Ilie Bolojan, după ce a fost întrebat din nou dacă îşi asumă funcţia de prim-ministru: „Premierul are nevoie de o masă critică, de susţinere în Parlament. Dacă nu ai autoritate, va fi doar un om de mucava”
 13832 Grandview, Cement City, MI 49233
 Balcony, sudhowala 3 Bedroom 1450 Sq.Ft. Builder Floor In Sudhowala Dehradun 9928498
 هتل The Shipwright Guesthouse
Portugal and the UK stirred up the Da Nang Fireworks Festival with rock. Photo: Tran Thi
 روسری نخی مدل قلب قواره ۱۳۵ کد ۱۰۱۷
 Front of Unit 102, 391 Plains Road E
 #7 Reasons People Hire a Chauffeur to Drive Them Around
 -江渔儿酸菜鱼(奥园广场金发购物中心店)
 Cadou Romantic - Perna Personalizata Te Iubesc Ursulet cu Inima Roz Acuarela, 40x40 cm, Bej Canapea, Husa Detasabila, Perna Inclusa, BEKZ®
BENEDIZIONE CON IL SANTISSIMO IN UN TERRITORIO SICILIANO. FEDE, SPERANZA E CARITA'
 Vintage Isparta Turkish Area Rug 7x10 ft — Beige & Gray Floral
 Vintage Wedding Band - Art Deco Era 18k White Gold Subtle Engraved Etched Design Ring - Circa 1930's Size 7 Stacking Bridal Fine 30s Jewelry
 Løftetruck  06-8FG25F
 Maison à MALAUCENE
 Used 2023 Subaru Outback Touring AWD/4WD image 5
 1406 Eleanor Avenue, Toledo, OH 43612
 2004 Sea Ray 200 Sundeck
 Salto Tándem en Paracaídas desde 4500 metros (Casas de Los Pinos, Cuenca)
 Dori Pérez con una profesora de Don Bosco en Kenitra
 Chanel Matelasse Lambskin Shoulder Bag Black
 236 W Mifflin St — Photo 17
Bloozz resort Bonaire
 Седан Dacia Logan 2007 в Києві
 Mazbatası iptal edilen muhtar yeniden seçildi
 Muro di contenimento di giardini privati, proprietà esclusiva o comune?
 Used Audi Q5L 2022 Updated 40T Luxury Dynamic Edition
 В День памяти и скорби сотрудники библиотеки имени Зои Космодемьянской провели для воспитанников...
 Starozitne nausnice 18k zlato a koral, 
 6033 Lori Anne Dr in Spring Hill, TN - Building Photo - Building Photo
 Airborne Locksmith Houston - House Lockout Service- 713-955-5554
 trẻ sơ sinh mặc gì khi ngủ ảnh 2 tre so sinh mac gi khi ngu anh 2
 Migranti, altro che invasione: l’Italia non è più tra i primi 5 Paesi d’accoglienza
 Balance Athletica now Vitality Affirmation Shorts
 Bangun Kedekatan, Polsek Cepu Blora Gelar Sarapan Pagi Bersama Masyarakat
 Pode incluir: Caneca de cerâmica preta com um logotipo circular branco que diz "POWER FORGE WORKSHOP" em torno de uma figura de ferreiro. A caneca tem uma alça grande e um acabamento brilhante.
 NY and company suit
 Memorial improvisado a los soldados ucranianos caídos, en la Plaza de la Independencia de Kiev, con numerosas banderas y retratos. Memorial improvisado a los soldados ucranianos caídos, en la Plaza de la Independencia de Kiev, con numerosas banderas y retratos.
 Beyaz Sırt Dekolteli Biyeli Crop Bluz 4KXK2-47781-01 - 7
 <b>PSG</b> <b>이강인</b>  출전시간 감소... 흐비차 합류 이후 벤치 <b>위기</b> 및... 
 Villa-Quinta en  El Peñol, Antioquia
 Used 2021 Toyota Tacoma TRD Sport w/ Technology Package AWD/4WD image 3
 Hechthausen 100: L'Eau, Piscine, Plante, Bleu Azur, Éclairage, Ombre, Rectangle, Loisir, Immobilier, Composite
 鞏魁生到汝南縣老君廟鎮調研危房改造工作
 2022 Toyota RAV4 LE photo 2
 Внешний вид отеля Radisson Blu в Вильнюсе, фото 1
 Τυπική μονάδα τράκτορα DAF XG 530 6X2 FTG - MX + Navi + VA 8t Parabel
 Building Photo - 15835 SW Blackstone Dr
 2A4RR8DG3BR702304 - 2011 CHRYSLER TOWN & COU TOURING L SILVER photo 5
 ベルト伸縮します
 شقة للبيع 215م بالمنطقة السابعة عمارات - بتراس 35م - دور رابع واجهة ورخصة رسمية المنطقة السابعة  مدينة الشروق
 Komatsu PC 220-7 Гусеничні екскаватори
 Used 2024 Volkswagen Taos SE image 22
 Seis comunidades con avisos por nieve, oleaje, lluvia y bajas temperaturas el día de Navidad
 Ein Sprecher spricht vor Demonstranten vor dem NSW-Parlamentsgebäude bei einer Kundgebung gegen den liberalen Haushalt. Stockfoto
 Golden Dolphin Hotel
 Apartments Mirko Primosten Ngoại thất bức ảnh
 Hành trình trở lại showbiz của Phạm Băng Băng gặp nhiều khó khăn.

**What you will do**:
Lines from the top of the entries through the line with "2004 Sea Ray 200 Sundeck" are to be transcribed exactly, and nothing more.

**Completed task**:
Ilie Bolojan, după ce a fost întrebat din nou dacă îşi asumă funcţia de prim-ministru: „Premierul are nevoie de o masă critică, de susţinere în Parlament. Dacă nu ai autoritate, va fi doar un om de mucava”
 13832 Grandview, Cement City, MI 49233
 Balcony, sudhowala 3 Bedroom 1450 Sq.Ft. Builder Floor In Sudhowala Dehradun 9928498
 هتل The Shipwright Guesthouse
Portugal and the UK stirred up the Da Nang Fireworks Festival with rock. Photo: Tran Thi
 روسری نخی مدل قلب قواره ۱۳۵ کد ۱۰۱۷
 Front of Unit 102, 391 Plains Road E
 #7 Reasons People Hire a Chauffeur to Drive Them Around
 -江渔儿酸菜鱼(奥园广场金发购物中心店)
 Cadou Romantic - Perna Personalizata Te Iubesc Ursulet cu Inima Roz Acuarela, 40x40 cm, Bej Canapea, Husa Detasabila, Perna Inclusa, BEKZ®
BENEDIZIONE CON IL SANTISSIMO IN UN TERRITORIO SICILIANO. FEDE, SPERANZA E CARITA'
 Vintage Isparta Turkish Area Rug 7x10 ft — Beige & Gray Floral
 Vintage Wedding Band - Art Deco Era 18k White Gold Subtle Engraved Etched Design Ring - Circa 1930's Size 7 Stacking Bridal Fine 30s Jewelry
 Løftetruck  06-8FG25F
 Maison à MALAUCENE
 Used 2023 Subaru Outback Touring AWD/4WD image 5
 1406 Eleanor Avenue, Toledo, OH 43612
 2004 Sea Ray 200 Sundeck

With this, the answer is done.